Her husband’s insistence that she make it through the whole five weeks of filming without quitting helped. “My husband was like, ‘You can't come home, I will not accept you coming home.’ And I was like, ‘OK, all right, I'm not coming home,’” says Romano. “I just had that delusional belief in myself. … I was never going to quit.”

Romano, with her hair wet and plastered to her head, looks wary as she scrambles to the top of a hillside, with a stone wall below..
Channeling Cadet Kelly in the Season 3 premiere episode. (FOX via Getty Images)

While she challenged herself both before and during the show’s filming, Romano admits she’s been in recovery mode since.

“I told myself I'm not going back to work out unless I want to,” she says. “So I think that I'll go back to working out when I'm good and ready, but I'm not gonna push myself.”

Unlike her training for the show, she says her focus will be on “finding the fun in athleticism again.”

Romano took some time out of the spotlight after her Disney Channel days, but made a comeback with the content she was creating for YouTube and TikTok during the pandemic. She attracted a surge of followers in 2021, when she began opening up about the realities of being a child actress and the relationships she had with her former co-stars. Now, just a few years later, she feels ready to close that chapter and begin a new one.

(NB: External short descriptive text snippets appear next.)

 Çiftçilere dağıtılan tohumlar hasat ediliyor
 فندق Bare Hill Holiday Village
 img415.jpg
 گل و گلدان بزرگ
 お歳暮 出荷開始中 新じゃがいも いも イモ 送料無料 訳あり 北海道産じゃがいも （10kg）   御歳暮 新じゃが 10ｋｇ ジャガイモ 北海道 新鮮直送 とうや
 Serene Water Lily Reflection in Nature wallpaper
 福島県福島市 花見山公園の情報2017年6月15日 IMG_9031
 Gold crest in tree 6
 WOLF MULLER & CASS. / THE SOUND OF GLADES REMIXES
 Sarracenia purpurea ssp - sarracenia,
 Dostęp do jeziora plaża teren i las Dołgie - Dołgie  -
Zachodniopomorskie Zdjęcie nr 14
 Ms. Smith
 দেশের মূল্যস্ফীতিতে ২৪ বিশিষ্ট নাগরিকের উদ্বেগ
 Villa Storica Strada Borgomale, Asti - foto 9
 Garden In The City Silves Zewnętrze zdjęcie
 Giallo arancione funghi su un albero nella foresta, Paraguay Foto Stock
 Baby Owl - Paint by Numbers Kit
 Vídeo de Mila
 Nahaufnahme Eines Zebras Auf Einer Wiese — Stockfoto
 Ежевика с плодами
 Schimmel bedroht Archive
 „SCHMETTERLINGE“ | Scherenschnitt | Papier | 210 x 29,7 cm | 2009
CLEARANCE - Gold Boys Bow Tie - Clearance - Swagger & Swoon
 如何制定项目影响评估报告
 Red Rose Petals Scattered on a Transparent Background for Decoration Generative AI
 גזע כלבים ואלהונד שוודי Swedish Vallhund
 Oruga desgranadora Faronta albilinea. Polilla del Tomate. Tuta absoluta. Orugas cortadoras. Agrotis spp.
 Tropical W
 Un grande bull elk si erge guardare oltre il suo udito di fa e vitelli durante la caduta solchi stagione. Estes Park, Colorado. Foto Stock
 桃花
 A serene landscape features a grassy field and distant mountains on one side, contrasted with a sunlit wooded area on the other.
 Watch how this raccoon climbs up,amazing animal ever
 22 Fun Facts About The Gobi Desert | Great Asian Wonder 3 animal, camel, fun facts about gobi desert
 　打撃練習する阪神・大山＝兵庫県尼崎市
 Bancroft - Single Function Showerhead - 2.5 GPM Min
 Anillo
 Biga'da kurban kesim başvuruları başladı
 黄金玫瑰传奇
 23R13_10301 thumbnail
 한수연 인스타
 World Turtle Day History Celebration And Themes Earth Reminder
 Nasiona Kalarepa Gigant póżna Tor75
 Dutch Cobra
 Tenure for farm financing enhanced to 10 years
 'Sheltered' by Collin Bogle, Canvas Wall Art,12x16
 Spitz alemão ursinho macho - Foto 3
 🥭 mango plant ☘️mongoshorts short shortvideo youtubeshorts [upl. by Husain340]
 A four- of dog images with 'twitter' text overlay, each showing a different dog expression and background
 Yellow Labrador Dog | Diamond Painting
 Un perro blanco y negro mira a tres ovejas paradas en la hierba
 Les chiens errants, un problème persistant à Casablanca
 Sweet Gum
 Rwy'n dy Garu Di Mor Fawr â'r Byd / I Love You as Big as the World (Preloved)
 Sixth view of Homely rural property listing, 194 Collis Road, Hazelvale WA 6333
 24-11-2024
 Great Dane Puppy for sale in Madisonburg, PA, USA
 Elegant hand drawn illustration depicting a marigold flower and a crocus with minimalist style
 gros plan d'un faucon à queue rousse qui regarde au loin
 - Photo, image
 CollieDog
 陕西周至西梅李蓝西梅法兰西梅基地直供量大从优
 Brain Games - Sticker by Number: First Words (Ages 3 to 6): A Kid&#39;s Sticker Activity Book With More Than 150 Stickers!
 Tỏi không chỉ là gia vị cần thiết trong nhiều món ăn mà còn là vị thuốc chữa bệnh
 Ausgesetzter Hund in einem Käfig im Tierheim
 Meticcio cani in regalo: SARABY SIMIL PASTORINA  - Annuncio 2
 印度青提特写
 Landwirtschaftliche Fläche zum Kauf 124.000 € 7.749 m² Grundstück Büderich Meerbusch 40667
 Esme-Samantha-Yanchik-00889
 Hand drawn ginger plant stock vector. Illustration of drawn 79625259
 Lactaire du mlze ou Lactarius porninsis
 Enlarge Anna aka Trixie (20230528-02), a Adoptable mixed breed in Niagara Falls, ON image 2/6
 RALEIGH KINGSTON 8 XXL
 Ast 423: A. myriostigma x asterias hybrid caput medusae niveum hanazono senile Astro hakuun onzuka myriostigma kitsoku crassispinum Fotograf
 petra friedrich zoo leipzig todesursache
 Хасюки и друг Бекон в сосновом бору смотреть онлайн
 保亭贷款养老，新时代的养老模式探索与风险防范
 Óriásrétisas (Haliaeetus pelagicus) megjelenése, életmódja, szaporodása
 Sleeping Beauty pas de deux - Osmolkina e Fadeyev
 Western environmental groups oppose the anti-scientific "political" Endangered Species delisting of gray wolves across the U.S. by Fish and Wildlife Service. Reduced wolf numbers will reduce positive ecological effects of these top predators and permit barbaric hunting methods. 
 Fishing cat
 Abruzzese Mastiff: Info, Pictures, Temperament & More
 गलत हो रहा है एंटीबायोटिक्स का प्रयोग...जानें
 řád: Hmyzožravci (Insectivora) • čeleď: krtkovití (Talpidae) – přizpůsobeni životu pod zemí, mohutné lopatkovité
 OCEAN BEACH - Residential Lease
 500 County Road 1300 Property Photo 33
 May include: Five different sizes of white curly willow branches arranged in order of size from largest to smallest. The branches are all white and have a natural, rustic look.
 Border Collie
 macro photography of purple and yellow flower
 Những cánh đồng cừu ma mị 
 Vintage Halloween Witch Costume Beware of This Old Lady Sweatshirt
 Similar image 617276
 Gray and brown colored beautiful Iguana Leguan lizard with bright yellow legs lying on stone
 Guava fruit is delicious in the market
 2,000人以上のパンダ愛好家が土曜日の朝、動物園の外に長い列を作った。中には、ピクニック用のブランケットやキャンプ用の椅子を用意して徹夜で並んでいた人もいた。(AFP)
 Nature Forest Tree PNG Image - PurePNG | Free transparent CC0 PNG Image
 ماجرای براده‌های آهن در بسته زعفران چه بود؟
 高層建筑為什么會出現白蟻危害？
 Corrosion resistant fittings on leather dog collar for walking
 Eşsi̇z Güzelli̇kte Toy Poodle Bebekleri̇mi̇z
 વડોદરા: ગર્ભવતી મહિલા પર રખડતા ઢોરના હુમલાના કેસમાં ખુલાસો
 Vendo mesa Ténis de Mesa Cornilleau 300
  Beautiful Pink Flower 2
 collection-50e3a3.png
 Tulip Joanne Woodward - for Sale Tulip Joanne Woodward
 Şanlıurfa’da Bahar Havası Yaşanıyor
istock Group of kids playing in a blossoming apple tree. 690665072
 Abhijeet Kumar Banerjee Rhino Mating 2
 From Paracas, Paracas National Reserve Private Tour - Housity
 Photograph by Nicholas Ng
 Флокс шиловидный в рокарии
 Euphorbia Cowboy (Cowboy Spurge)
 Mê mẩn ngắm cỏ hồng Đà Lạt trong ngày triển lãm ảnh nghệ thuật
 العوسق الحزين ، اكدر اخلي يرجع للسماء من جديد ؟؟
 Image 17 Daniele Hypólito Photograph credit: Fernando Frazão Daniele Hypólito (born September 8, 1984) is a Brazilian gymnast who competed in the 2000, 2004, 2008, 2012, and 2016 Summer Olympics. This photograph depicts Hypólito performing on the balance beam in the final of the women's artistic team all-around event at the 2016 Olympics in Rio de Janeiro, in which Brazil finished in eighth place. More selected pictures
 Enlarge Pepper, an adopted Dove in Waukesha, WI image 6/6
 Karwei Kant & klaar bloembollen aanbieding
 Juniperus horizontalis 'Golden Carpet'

“It is the ‘now’ era. It is the ‘What have we learned?’ era and 'How are we using it to grow fast?'” she says. “I am 40, and to me, I never even thought about what I wanted to do at 40, because I had accomplished so much at a young age and so you stop having goals, really.”

Her experience as a young star may not be relatable to most people, but she believes that her current adult journey is. “You can get misled from what your personal goals can actually be, and you have to find your way back to what they are,” she says. “Going on the show has given me a little bit of perspective on what my future goals are going to be.”

Romano was prepared for a competition show, but she quickly learned that the only person she was up against was herself. While she initially aimed to make her husband proud, it was defying her own expectations that proved the most rewarding.

“I learned that I can do hard things and that I can believe in myself past just being an actress, being a public person,” she says. “It’s a very personal journey to have confidence in oneself that has nothing to do with other people's acceptance. On this journey, I was able to kind of just be with myself and my own limitations. So I proved to myself that I have this inner strength and that it's up to me to believe in myself.”